Avec près de deux mètres de haut pour plus de quatre mètres de large, cette pièce majeure est non seulement un chef-d’œuvre de l’artiste, mais aussi une expérience sensorielle et spirituelle à part entière.
California, (IKB 71) n’est pas une simple peinture. C’est une invitation à l’immersion, un ‘happening’ visuel où le spectateur est convié à s’abandonner dans une profondeur à la fois tangible et insaisissable. La surface de l’œuvre, à la texture rugueuse et accidentée, évoque la croûte terrestre d’un sol encore vierge, ou les reliefs mystérieux des fonds marins. Ses douces bosselures, presque organiques, rappellent les récifs coralliens ou les motifs ondulants des jardins zen que Klein découvrit lors de son voyage au Japon en 1952-1953. L’œuvre, quasi sculpturale dans sa présence massive, semble pourtant évanescente, comme si sa matière poudreuse pouvait se dissoudre sous le regard.
Ce bleu profond, intense et vibrant, crée un vide absolu où matière et esprit se confondent. Il préfigure les « reliefs planétaires » de l’artiste, tout en évoquant l’immensité silencieuse de l’océan ou d’un ciel sans fin. Roland F. Pease, critique new-yorkais, décrivit l’expérience de se tenir devant un monochrome de Klein comme celle de « contempler une merveille de la nature pour la toute première fois, une de ces merveilles colossales, comme le Grand Canyon ». Selon lui, la grandeur de ces toiles réside dans leur silence, « immense, presque insoutenable ».

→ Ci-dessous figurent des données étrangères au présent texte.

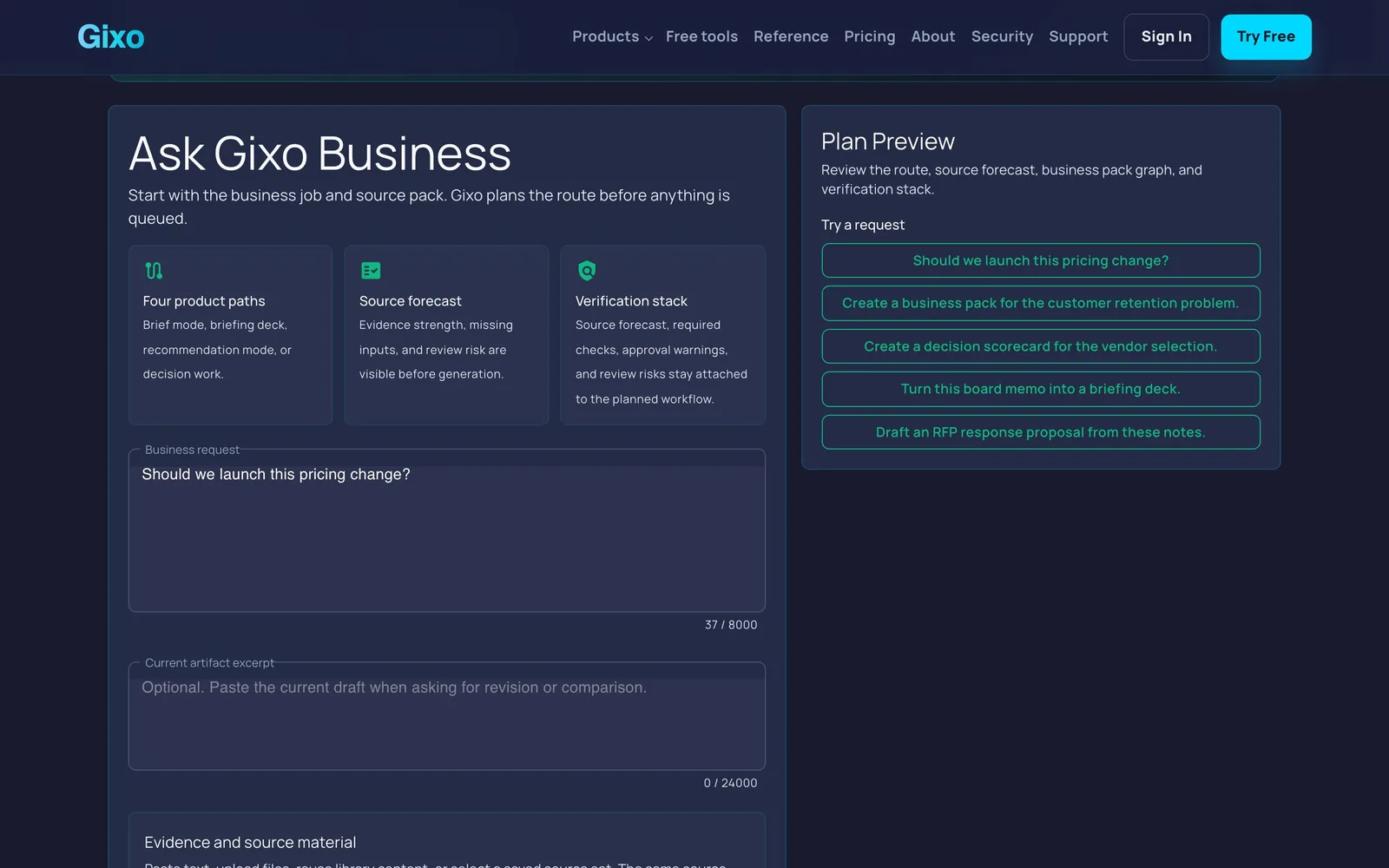 Ask Gixo Business with a sample request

Exécutée en 1961, California, (IKB 71) fut dès l’origine destinée au marché américain. Elle fut présentée pour la première fois chez le célèbre marchand new-yorkais Léo Castelli, lors d’une exposition historique pour laquelle Klein fit le déplacement, marquant son unique voyage aux États-Unis. Le hasard — ou le destin — voulut que le vernissage new-yorkais de l’œuvre, le 11 avril 1961, coïncide avec un événement qui allait changer la perception humaine de l’univers : le 12 avril, Youri Gagarine devenait le premier homme à voyager dans l’espace. « Le ciel est très noir, la Terre est bleue. Tout est visible très clairement », rapporta-t-il. Pour Klein, cette déclaration confirmait sa vision : la Terre était bel et bien bleue, imprégnée de l’IKB. Il écrivit plus tard à son ami Arman que Gagarin avait été, en quelque sorte, le seul visiteur de son exposition dans l’espace.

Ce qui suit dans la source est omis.